ASSIGNMENT — Exact reproduction required: the lines below from the line with "Girls Diamond &" to the line with "Aerial view of", both ends included, and no others.

DATASET —

****

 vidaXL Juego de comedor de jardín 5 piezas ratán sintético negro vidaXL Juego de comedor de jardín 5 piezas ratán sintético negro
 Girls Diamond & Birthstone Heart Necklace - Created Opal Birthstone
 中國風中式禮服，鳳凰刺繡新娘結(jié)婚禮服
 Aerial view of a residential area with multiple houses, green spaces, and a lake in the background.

****

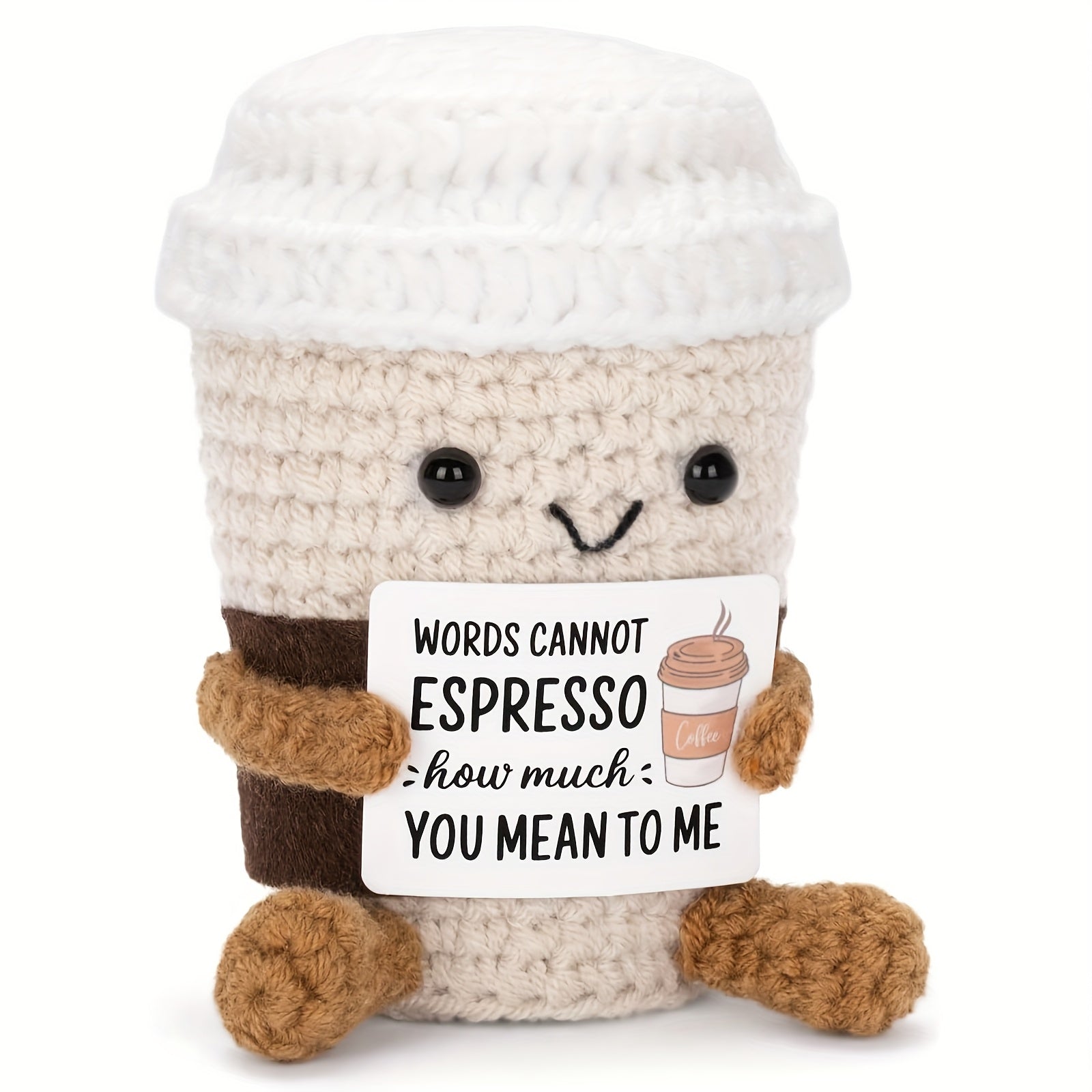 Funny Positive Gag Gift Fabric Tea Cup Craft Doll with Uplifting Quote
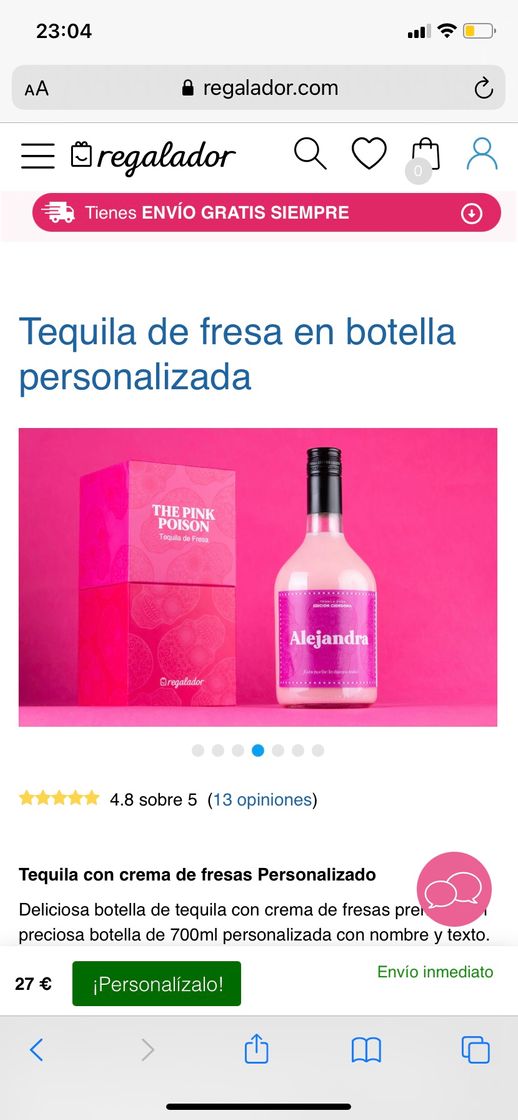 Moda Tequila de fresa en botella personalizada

****

EXERCISE OUTPUT —
 Girls Diamond & Birthstone Heart Necklace - Created Opal Birthstone
 中國風中式禮服，鳳凰刺繡新娘結(jié)婚禮服
 Aerial view of a residential area with multiple houses, green spaces, and a lake in the background.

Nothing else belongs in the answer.